Teilweise kann ich Deine "Angst" (ich würde eher sagen: Zweifel)nachvollziehen. Doch andererseits: wenn Eure Beziehung stimmig ist und Du den Mann liebst, dann gehört auch das Kind dazu. Du könntest es als Chance sehen, eine neue Lebensphase mit den beiden lebendig zu leben.

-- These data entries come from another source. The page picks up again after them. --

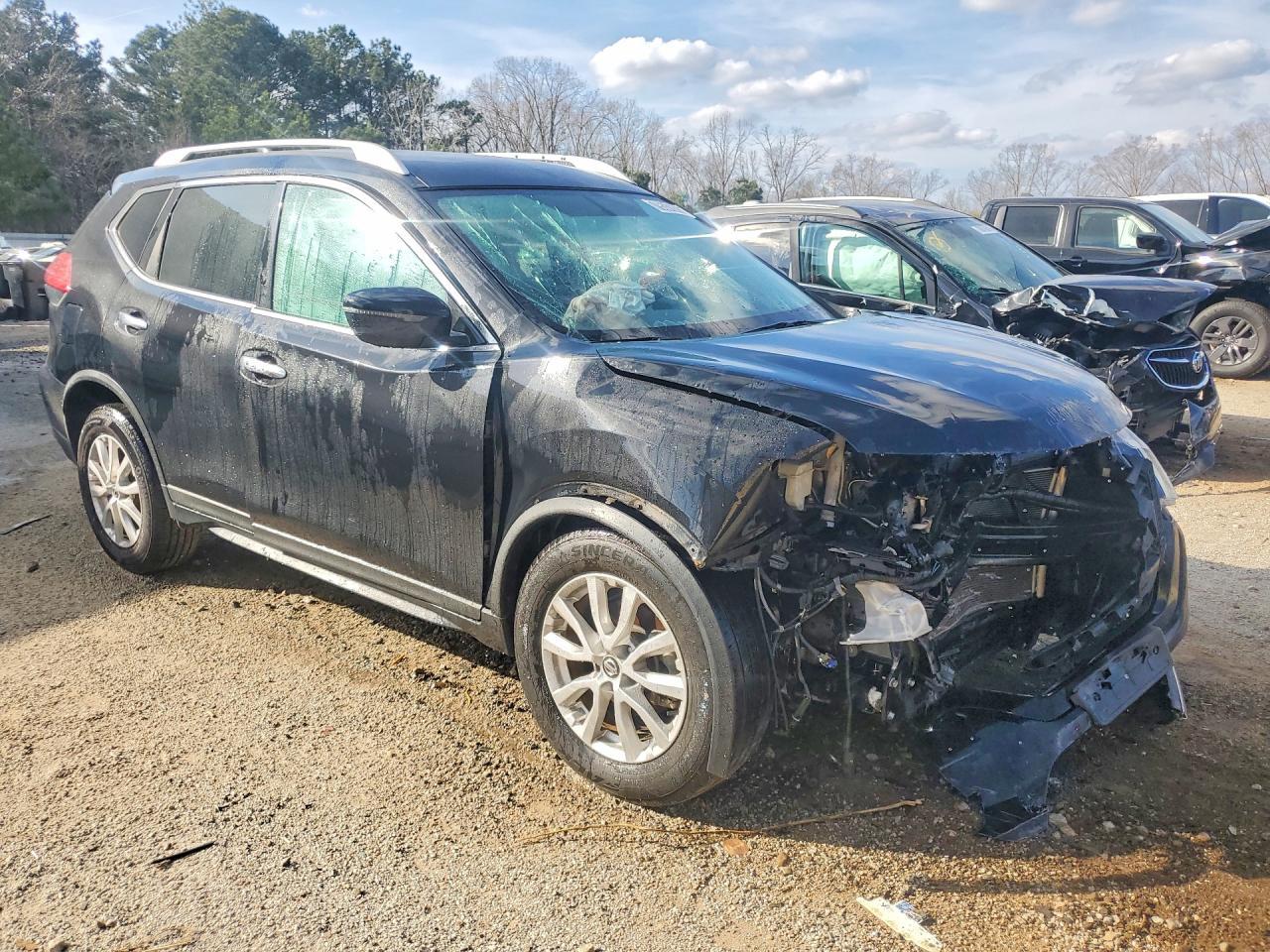 2017 NISSAN ROGUE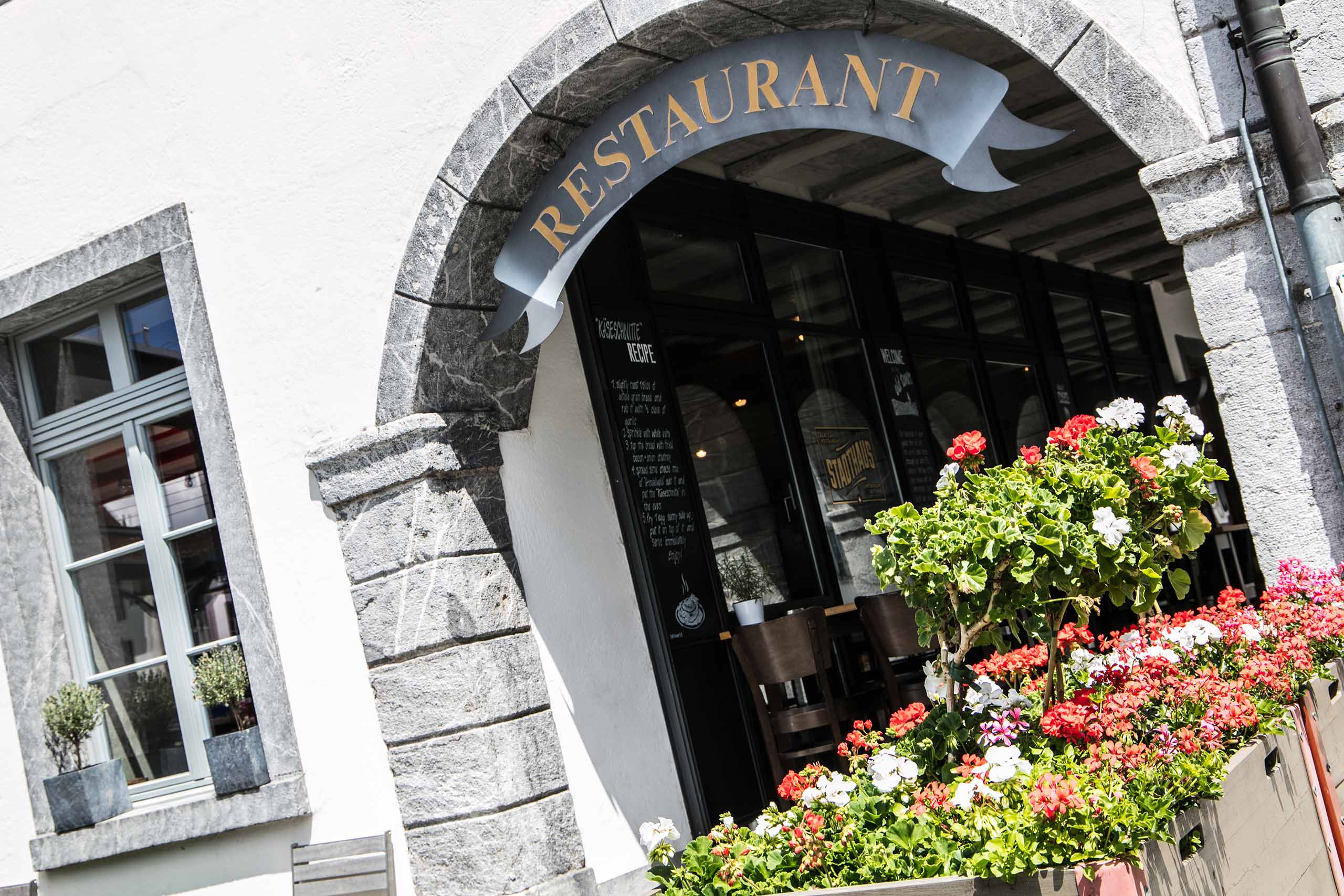 restaurant-stadthaus-unterseen-eingang.jpg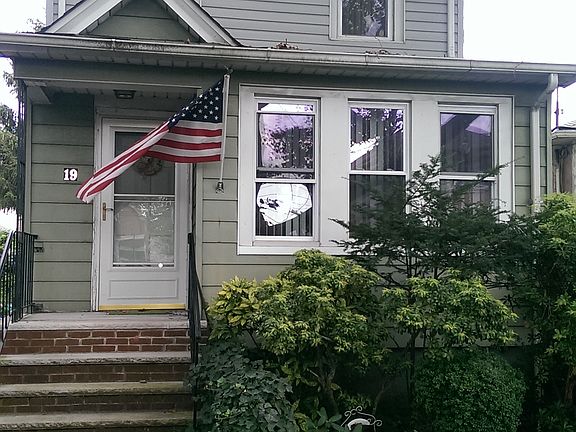 2nd image of 19 Hawthorne Ave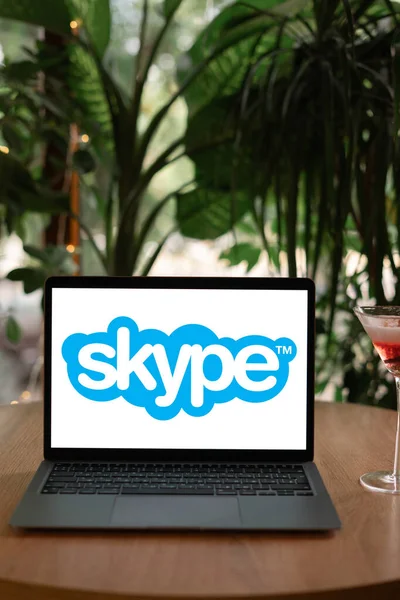 Odessa Ukrajna Június 2023 Laptop Számítógép Kávézóasztalon Skype Logó Megjelenítése — Stock Fotó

Bei mir war es "umgekehrt" wie bei Dir: Als ich 28 war, trat mit seinem Vater eine damals 4jährige Halbwaise in mein Leben, und wir haben ein inniges Verhältnis aufgebaut. Das brach schmerzlich auseinander, nachdem der Partner, als ich mich einer Gebärmutter-OP unterziehen musste, flugs eine Parallelbeziehung anfing, an der er festhielt,obwohl unser Hochzeitstermin fast schon feststand.Die Trennung tat sehr weh.
Als ich später, eben durch die Folgen dieser OP, kaum noch mit einem Kind rechnete, bekam ich mit 41 meinen Sohn (inzwischen fast 17). Leben ist das, was passiert, indem du eifrig dabei bist, Pläne zu machen...(Lennon).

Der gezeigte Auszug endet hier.